= EXERCISE DETAILS =
Every line below between the line holding "Lionel Hampton, Los Angeles, 1987" and the line holding "Restaurant La Cuis'in ホテル 2*", inclusive, should be repeated exactly, and all other lines omitted.

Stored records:
* * * * * * *

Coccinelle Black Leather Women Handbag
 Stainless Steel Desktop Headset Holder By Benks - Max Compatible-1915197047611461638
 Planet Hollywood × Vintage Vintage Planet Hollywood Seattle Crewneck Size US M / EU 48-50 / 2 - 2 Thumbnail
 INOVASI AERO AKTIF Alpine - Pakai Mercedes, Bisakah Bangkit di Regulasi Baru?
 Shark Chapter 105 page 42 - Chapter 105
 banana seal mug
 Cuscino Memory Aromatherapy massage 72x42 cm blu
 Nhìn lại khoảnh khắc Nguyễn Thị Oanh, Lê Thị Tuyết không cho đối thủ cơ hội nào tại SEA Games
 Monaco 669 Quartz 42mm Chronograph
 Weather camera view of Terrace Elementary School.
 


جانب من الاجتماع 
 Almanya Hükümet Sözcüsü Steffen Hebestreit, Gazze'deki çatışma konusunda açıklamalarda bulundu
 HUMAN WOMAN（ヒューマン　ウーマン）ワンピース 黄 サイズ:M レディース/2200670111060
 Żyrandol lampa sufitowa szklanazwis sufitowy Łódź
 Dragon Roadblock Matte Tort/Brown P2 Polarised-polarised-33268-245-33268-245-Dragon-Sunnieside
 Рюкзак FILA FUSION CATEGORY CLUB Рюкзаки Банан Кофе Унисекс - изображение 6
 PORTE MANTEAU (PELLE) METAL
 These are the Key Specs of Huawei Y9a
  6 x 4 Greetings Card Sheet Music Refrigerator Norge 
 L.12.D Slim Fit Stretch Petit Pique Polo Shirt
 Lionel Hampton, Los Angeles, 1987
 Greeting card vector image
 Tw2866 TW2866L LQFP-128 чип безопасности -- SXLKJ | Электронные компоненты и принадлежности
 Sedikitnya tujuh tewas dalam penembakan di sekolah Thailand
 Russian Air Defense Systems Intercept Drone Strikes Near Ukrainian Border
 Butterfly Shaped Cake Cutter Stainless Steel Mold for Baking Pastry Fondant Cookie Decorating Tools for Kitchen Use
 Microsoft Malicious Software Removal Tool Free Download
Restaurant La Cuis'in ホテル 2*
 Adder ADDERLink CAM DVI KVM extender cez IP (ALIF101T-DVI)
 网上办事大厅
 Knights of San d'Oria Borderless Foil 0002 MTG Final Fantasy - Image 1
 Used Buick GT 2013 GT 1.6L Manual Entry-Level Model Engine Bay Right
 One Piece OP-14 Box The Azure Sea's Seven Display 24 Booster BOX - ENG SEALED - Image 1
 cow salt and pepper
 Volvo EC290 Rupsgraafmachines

* * * * * * *

= RESPONSE TO THIS TASK =
 Lionel Hampton, Los Angeles, 1987
 Greeting card vector image
 Tw2866 TW2866L LQFP-128 чип безопасности -- SXLKJ | Электронные компоненты и принадлежности
 Sedikitnya tujuh tewas dalam penembakan di sekolah Thailand
 Russian Air Defense Systems Intercept Drone Strikes Near Ukrainian Border
 Butterfly Shaped Cake Cutter Stainless Steel Mold for Baking Pastry Fondant Cookie Decorating Tools for Kitchen Use
 Microsoft Malicious Software Removal Tool Free Download
Restaurant La Cuis'in ホテル 2*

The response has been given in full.